• [TASK STATEMENT] Once the line containing "کاشت مو ابرو/بلفاروپلاستی/لیفت" is found in the data below, repeat it and every later line exactly, leaving the pictures out.

• [GIVEN DATA]
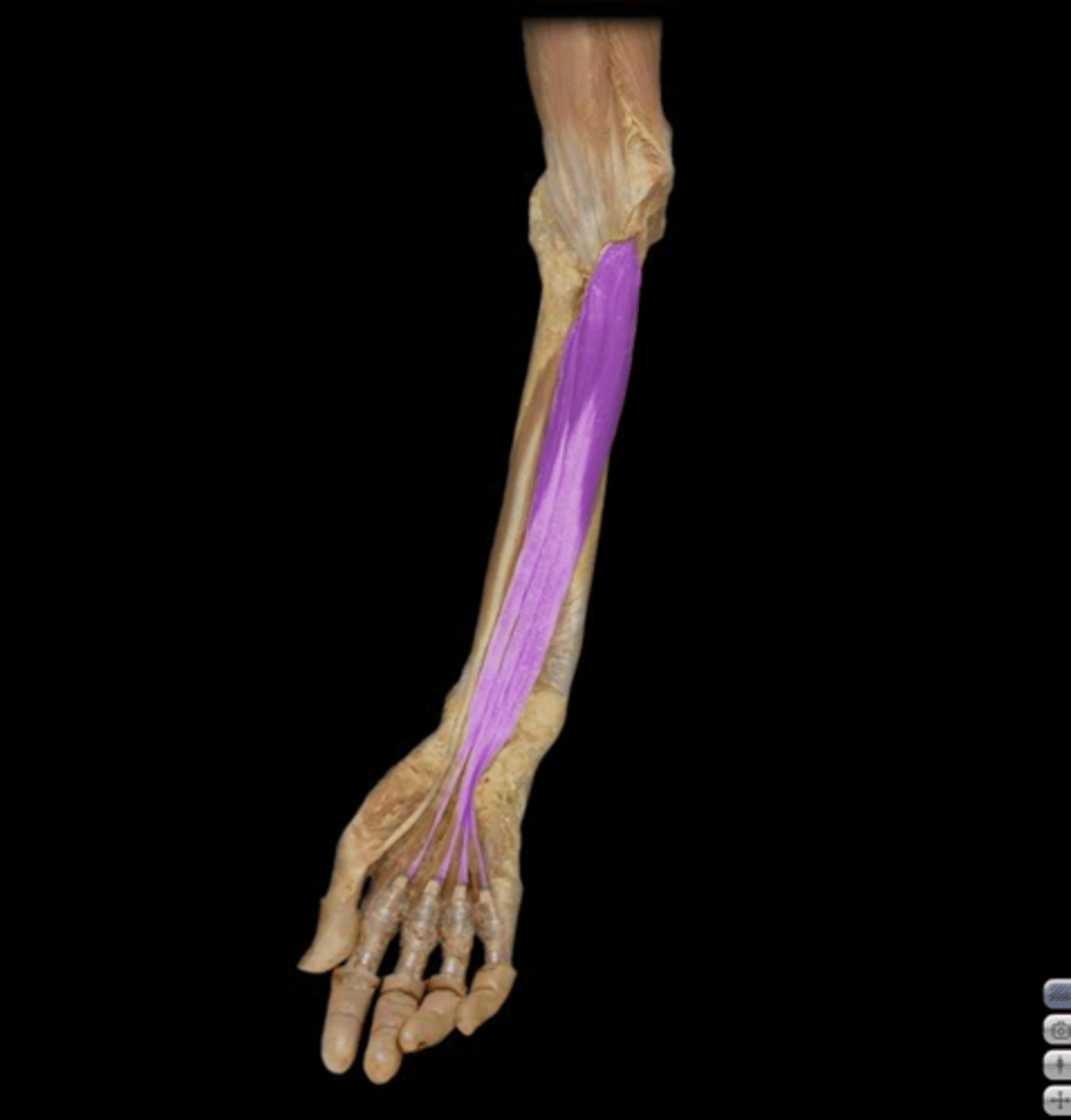 <p>Action: Digit 2-5 flexion at DIP joint</p><p>Origin:</p><p>- Proximal three quarters of anteromedial surface of</p><p>ulna and interosseous membrane</p><p>Insertion: Base of distal phalanges</p><p>Nerve innervation:</p><p>Digits 2&amp;3: AIN of median nerve</p><p>Digits 4&amp;5: Ulnar nerve</p>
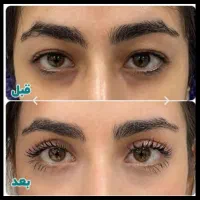 کاشت مو ابرو/بلفاروپلاستی/لیفت دایرکت ابرو/غبغب
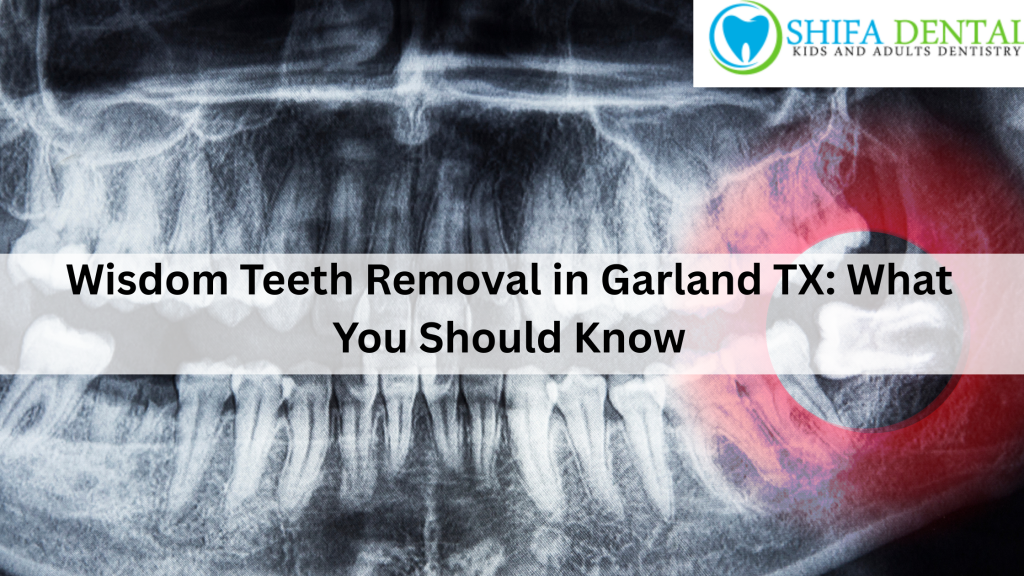 Wisdom Teeth Removal in Garland TX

• [WRITTEN RESPONSE]
 کاشت مو ابرو/بلفاروپلاستی/لیفت دایرکت ابرو/غبغب
 Wisdom Teeth Removal in Garland TX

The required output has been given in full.